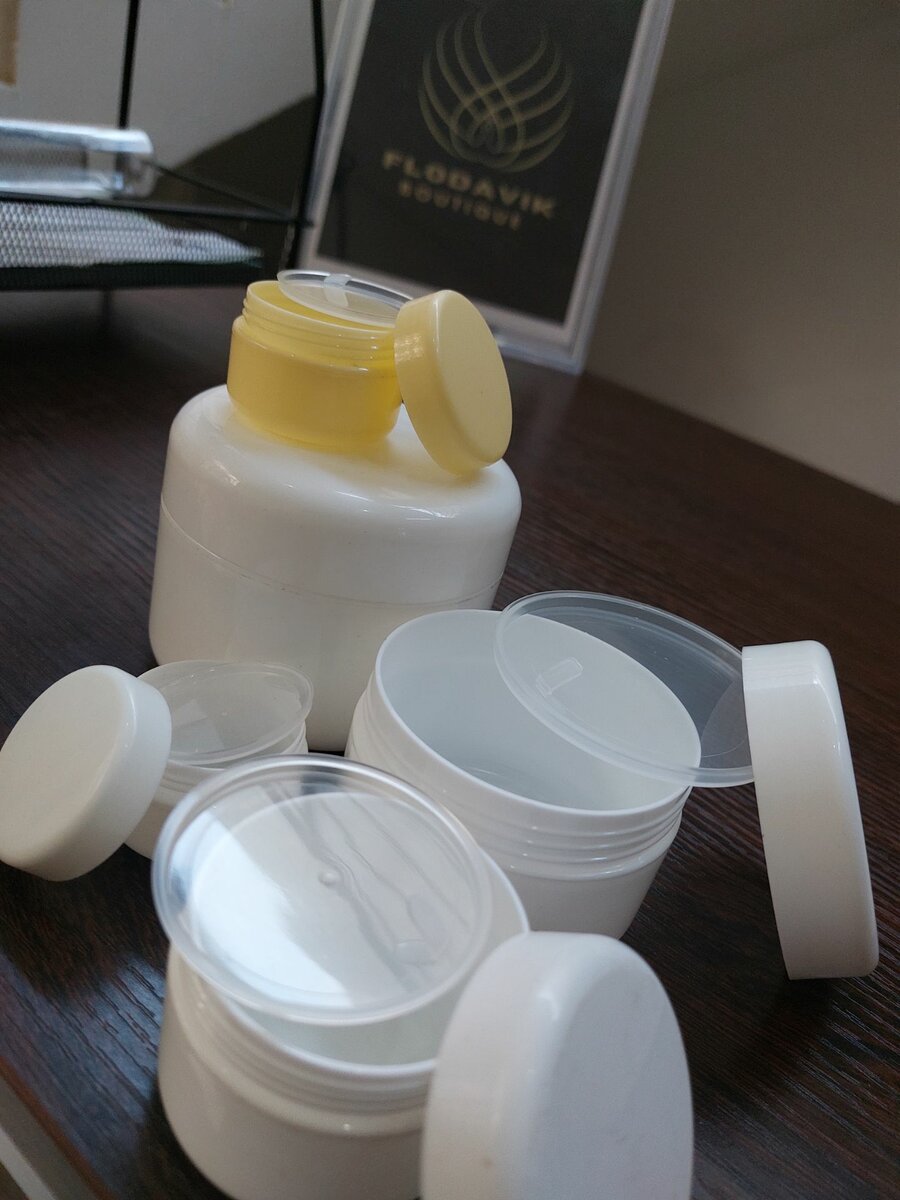 White jars with inner covers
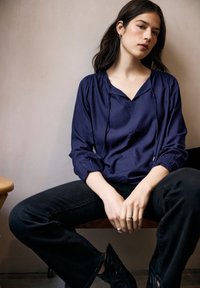 Blusa blu navy con scollo a V, spalle arricciate e maniche lunghe. Abbinata a jeans neri aderenti e scarpe nere. Tessuto liscio.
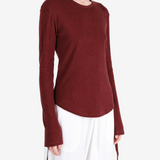 Burgundy top worn by a person, showing the top fit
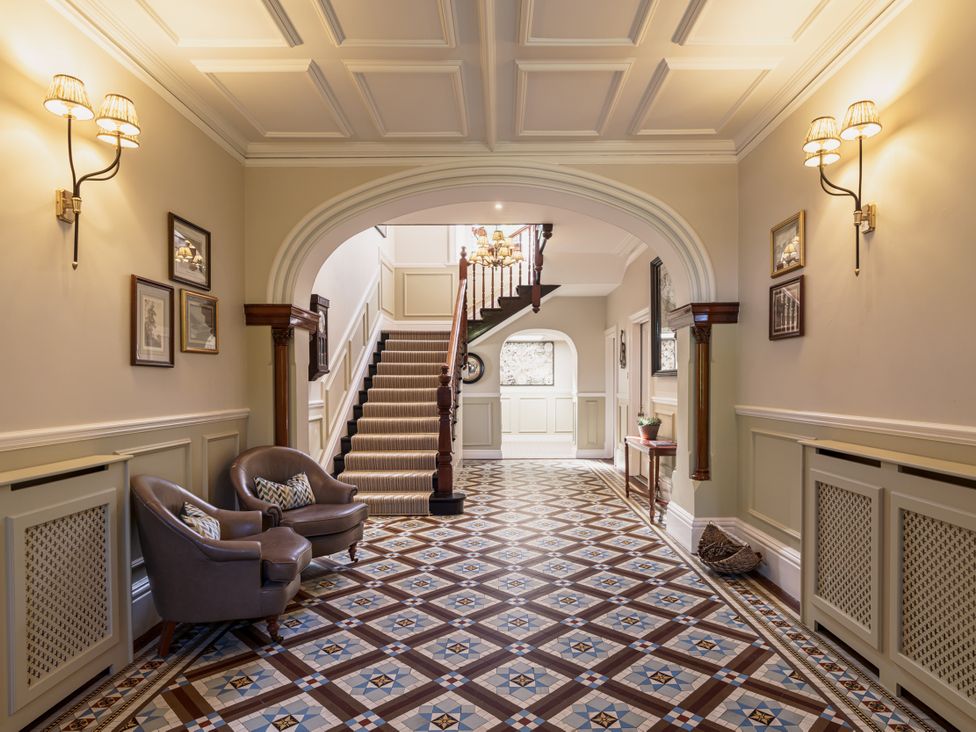 A hallway with stairway and armchair at Leathes Head Country House, Borrowdale near Keswick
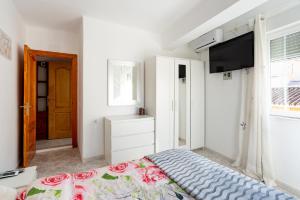 1 dormitorio con 1 cama y TV de pantalla plana en Rooms Breeze & Sun, en Málaga
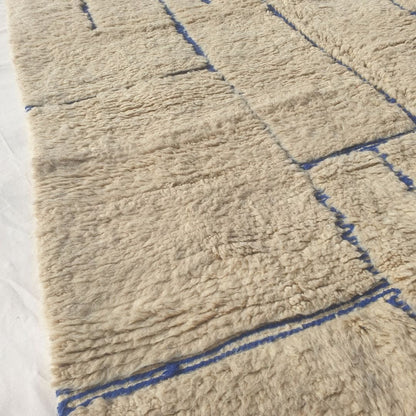 Ifawa - Beni Ourain Rug with Tonal Beige Field and Rare Blue Line Accents - Handwoven Berber Carpet | 6'6"x10'5" Ft | 198x317 cm - OunizZ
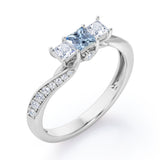 Scale Bridge Accent 0.65 carat Princess Aquamarine and Moissanite Twisted Wave Engagement Ring in Rose Gold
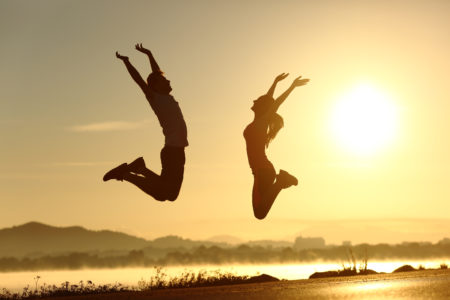 springendes glückliches Paar bei Sonnenuntergang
==========
- [WHAT THE TASK REQUIRES]:
Pictures don't belong in the copy. Transcribe every record exactly as it appears.

- [WRITTEN RESPONSE]:
 White jars with inner covers
 Blusa blu navy con scollo a V, spalle arricciate e maniche lunghe. Abbinata a jeans neri aderenti e scarpe nere. Tessuto liscio.
 Burgundy top worn by a person, showing the top fit
 A hallway with stairway and armchair at Leathes Head Country House, Borrowdale near Keswick
 1 dormitorio con 1 cama y TV de pantalla plana en Rooms Breeze & Sun, en Málaga
 Ifawa - Beni Ourain Rug with Tonal Beige Field and Rare Blue Line Accents - Handwoven Berber Carpet | 6'6"x10'5" Ft | 198x317 cm - OunizZ
 Scale Bridge Accent 0.65 carat Princess Aquamarine and Moissanite Twisted Wave Engagement Ring in Rose Gold
 springendes glückliches Paar bei Sonnenuntergang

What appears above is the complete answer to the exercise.